Where you Left Me

Jennifer Gardner Trulson's 5 Loves and a Dud

September 11th. One date that will never be same in our minds after the horrific events in 2001. I'm sure we can all remember exactly where we were that terrible morning. Liz's husband's called and woke her up on his way to work to tell her to turn on the TV and Lisa called a few minutes later. We sat on the phone together that day and watched as the world as we knew it disappeared.

Now, on the tenth anniversary of that senseless tragedy comes a memoir by the widow of a Cantor Fitzgerald executive. And we felt that Jennifer's story is an important one to share as we reflect on the past ten years. You'll shed some tears for sure but we think it will be worth it.

Widowed at age 35 with two small children, Jennifer's story is one of sadness, but also courage and transformation-a tale of how to learn to love again after hitting rock bottom. We highly recommend that you grab a copy and check out why Publisher's Weekly said "This hard-hitting memoir achieves a balance between grief and life-affirming determination." We also love that she went on to found the Douglas B. Gardner Foundation, a non-profit organization dedicated to helping at-risk children in New York. In fact, a portion of the proceeds of Where You Left Me  will be donated to it.

Here's what you need to know about Where You Left Me: Lucky—that’s how Jennifer would describe herself. She had a successful law career, met the love of her life in Doug, married him, had an apartment in New York City, a house in the Hamptons, two beautiful children, and was still madly in love after nearly seven years of marriage. Jennifer was living the kind of idyllic life that cliches are made of.

Until Doug was killed in the attacks on the World Trade Center, and she became a widow at age thirty-five—a “9/11 widow,” no less, a member of a select group bound by sorrow, of which she wanted no part. Though completely devastated, Jennifer still considered herself blessed. Doug had loved her enough to last her a lifetime, and after his sudden death, she was done with the idea of romantic love—fully resigned to being a widowed single mother . . . until a chance encounter with a gregarious stranger changed everything. Without a clue how to handle this unexpected turn of events, Jennifer faced the question asked by anyone who has ever lost a loved one: Is it really possible to feel joy again, let alone love?

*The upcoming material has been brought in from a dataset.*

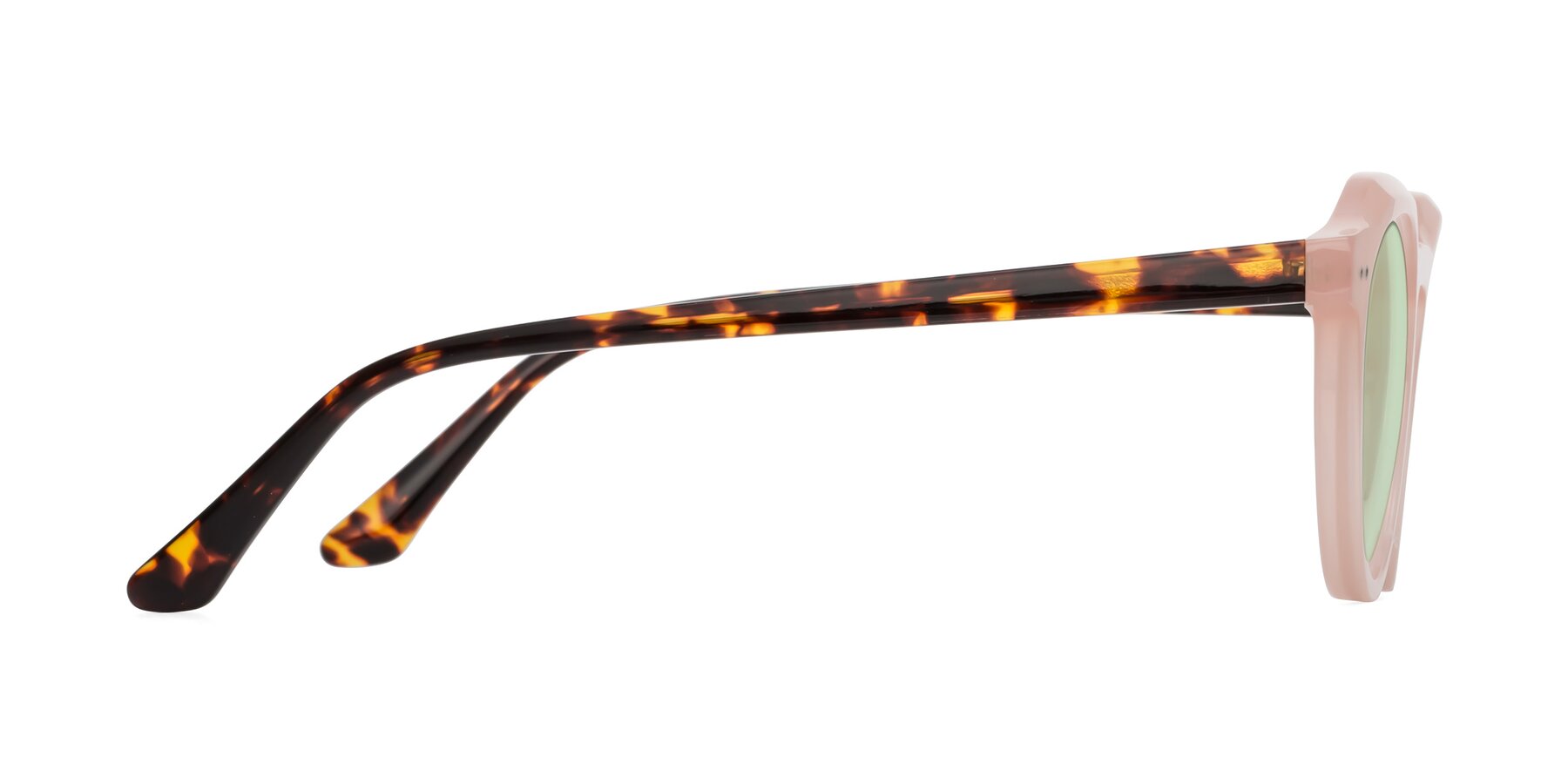 Side of Dyson in Peach-Tortoise with Light Green Tinted Lenses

Sounds good to you? Then leave a comment and you'll be entered to win one of FIVE copies. (US Residents only on this one, Sorry!) We'll choose the winners on Sunday September 18th after 6pm PST.



1. Spin Class Like an addict jonesing for a fix, I cannot function without my regular morning indoor cycling class. There is nothing like a room filled with pony-tailed, Lycra-wearing warriors pounding out the beat to pulsating house music. I’m just not a yoga girl – I can’t lose myself in the quiet. But give me a four-minute climb to Jay Z’s “Empire State of Mind,” and I am on the road to nirvana.

2. Manhattan I grew up in Massachusetts, but moved to New York the first moment I could after graduating from law school. There is something symphonic about the hum and pace of this city. I love that New York is a sprawling metropolis, but a small town for those call it home. It doesn’t matter where one was raised, if you live here, you’re a New Yorker. That was most evident in the aftermath of the devastating attacks of September 11. No one was a stranger after that – with grit, humanity and boundless compassion, New Yorkers came together, resurrected our spirit and restored our faith in our great city.

3. Wint-O-Green Lifesavers. I have a glass bowl in my closet filled with the jumbo, individually-wrapped candies. I’ve been a fan of these green-packaged gems since I was a little girl; my parents used to send them to me in care packages at college. I’ve never taken to gum or those nuclear breath-freshening mints. And, if you take a bite out of one in front of a mirror in a dark room, green sparks come out of your mouth. Try it.

4. HBO/Showtime Original Series Seriously, what’s better than True Blood and Weeds? Or Curb Your Enthusiasm? Or the prematurely-cancelled Deadwood? Great writing and perfect casting make these and HBO/Showtime’s other weekly shows my must-see television. I’m counting the days until the premiere of Dexter.

5. Family holidays A typical week in our apartment looks like seven days of rush hour at Grand Central Station. My children are dashing from school to sports to social functions. My husband and I barely have a moment to wave hello/good-bye as one of us dons the chauffeur hat while the other doles out dollars like a cash machine. I’m sure this family drama plays out in most households, which is why we cherish our school vacation time. Holidays seem to be the only time we, as a family, are in the same place at the same time. It doesn’t matter where we go or not go, the point is to reconnect -- minus the computer and instant messaging, and remind ourselves how fortunate we are to be together. Kids grow up quickly; I’m doing my best to savor these last few years while they are still under my roof.


I absolutely cannot stand dog owners who refuse to clean up after their pooches. As a proud labra-doodle owner (the beautiful, Harley) who walks her dog around the blocks of our neighborhood, I find it utterly appalling to find “offerings” left by lazy owners along the sidewalks. C’mon people, please clean up! My shoes will thank you.